The mangroves made their way along the motorway, on a trailer, to the Te Atatu Peninsula and then down over the tussocky grass to a mown clearing where they posed in a silent dance near their smaller real-life cousins.

Their stay there ended, they now greet me from our neighbour’s front garden every time I leave the house, surprisingly camouflaged under two tall trees.


Then we had Between Tides – a huge event in that it was billed as (Probably the Final) Between Tides. This annual community art event has become increasingly popular, and drawn a wide range of exhibitors including a number of performers. Perhaps in fact, we hope, there may be some among them who choose to carry on with BT, but for the Jersey group it is time to step back now. We are no longer all in Auckland or all available. It has been a wonderful event to stimulate more experimental ideas since they only had to be on the beach for about five hours, as well as resolved works having their moment in the sun (wind and rain).

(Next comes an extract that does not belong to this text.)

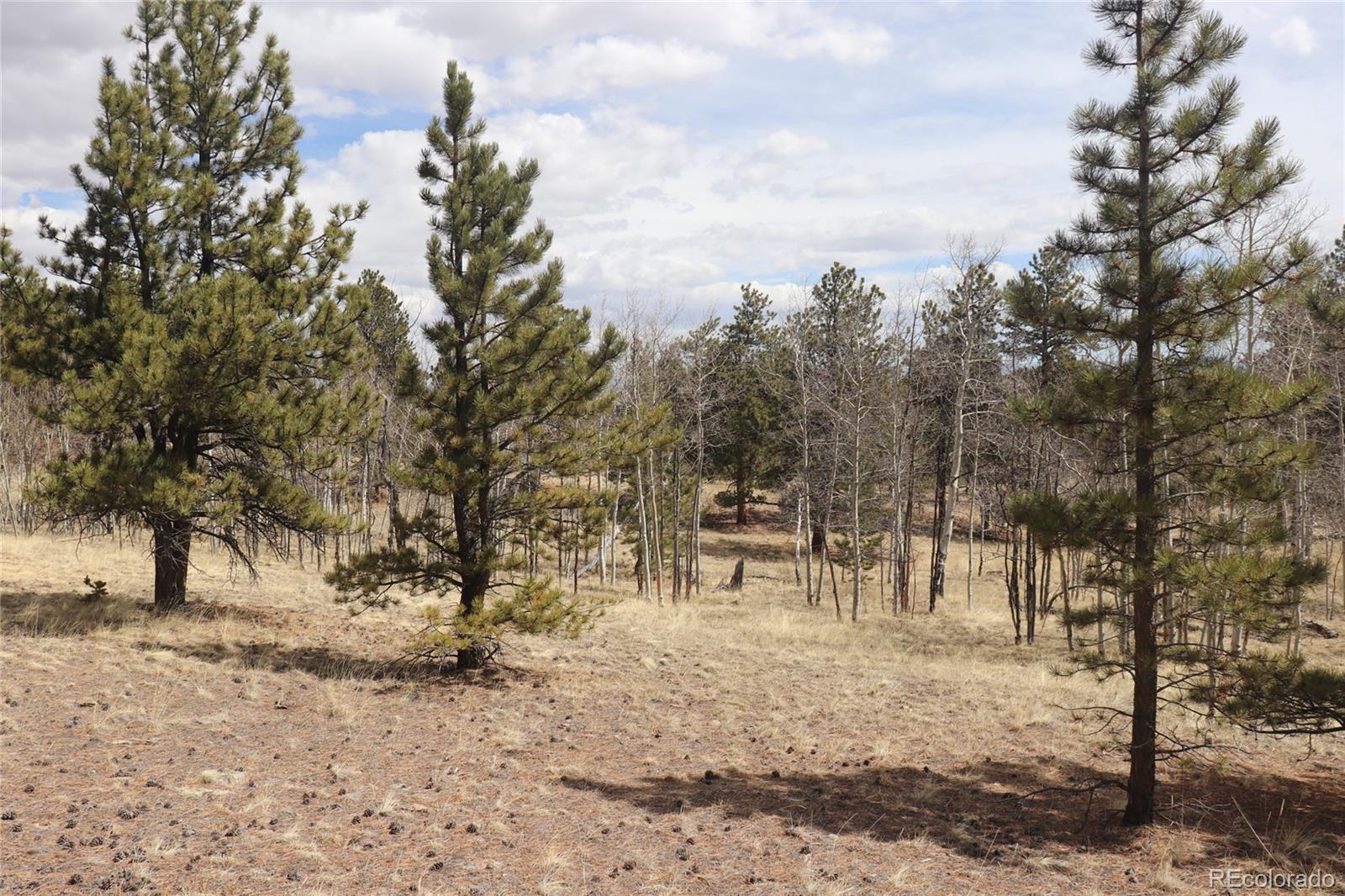 4885 Campfire Road Hartsel, CO 80449 - Photo 1 of 20 a view of outdoor space with trees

The day – for the first time in fourteen years – was really wet! We had had some anxiety about maybe having to pack up earlier than 2pm because of the time and height of the tide, but in fact steady rain set in just before 1 so by 1.30 everyone had de-camped. Hardy visitors and artists had up to that point managed with umbrellas the occasional heavy shower and ongoing drizzle, but the rain became a real soaker. It was in a way an exhilarating, if abrupt ending.

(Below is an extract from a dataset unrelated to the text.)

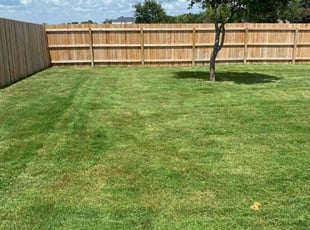 Doug M.'s lawn maintenance service result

My main work, ‘The catch with plastic’, is on the left. A theme others also had in mind (see Vonney Ball’s amazing wire fish caught on three rods). In a flurry of enthusiasm I decided, after years of some visitors querulously appealing for some guide as to whose work they might be looking at (we have a policy of no labels, mostly to encourage interaction with the artists who are generally around!) to make a map. And four of my last year’s swimmers (who were hanging from the pohutakawa, as they had the year before hung over a plaza at Victoria Park Market) had obviously been for a dip and found it very chilly as they sat looking blue and wet on the rocks. (Paper mache over a wire armature is quite possible to re-pose – just needed a bit of patching, which turned into their blue skins).

Juliette Laird net

(Thanks to Cate Dine for the photo)

Many thanks to all those who contributed in many ways to Between Tides and in particular to those who provided the images – a selection of which are below.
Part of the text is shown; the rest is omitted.